Please don't hurt me, but I have no problem with calling unmodified SHIII 'stock'.

One of the definitions of the word 'stock' is just that: Unmodified.


10.the person from whom a given line of descent is derived; the original progenitor.

43.of the common or ordinary type; in common use: a stock argument.

44.banal; commonplace: a stock remark.

The raw material out of which something is made.

3. regularly and widely used or sold; "a standard size"; "a stock item"

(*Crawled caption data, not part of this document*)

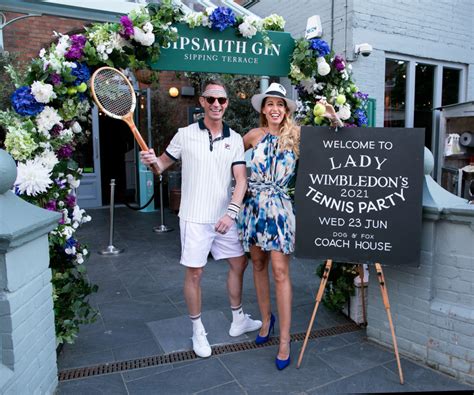 Is serena williams set to get back on track? Lady Wimbledon's Tennis Party 2021 at The Dog & Fox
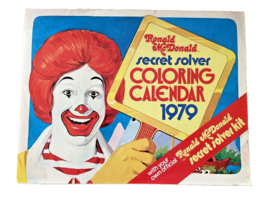 Calendar 1979 Ronald McDonald Secret Solver Coloring Not Colored With Vi... - £7.48 GBP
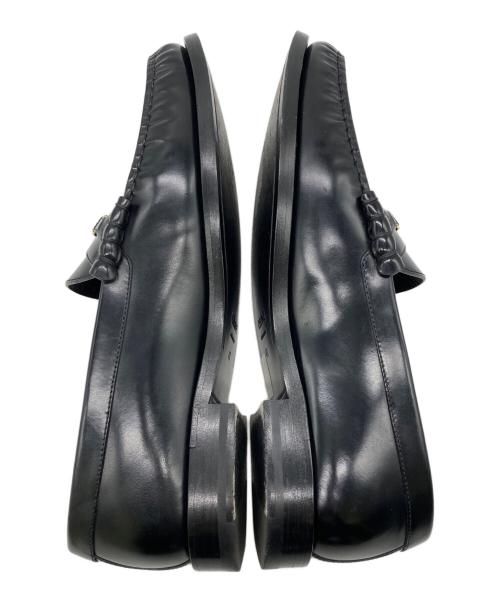 CELINE（セリーヌ）CELINE (セリーヌ) トリオンフレザーローファー ブラック サイズ:41の古着・服飾アイテム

As for the use of 'Vanilla', I point you to the 'New Hackers Dictionary':
http://www.ccil.org/jargon/jargon_37.html#SEC44
vanilla /adj./
[from the default flavor of ice cream in the U.S.] Ordinary flavor, standard. When used of food, very often does not mean that the food is flavored with vanilla extract! For example, `vanilla wonton soup' means ordinary wonton soup, as opposed to hot-and-sour wonton soup. Applied to hardware and software, as in "Vanilla Version 7 Unix can't run on a vanilla 11/34." Also used to orthogonalize chip nomenclature; for instance, a 74V00 means what TI calls a 7400, as distinct from a 74LS00, etc. This word differs from canonical in that the latter means `default', whereas vanilla simply means `ordinary'. For example, when hackers go on a great-wall, hot-and-sour soup is the canonical soup to get (because that is what most of them usually order) even though it isn't the vanilla (wonton) soup.

In the sense it is used to describe unmodified SHIII, the term 'vanilla' is perfectly appropriate, given the intended audience (ie., mostly geeky males, present company excepted).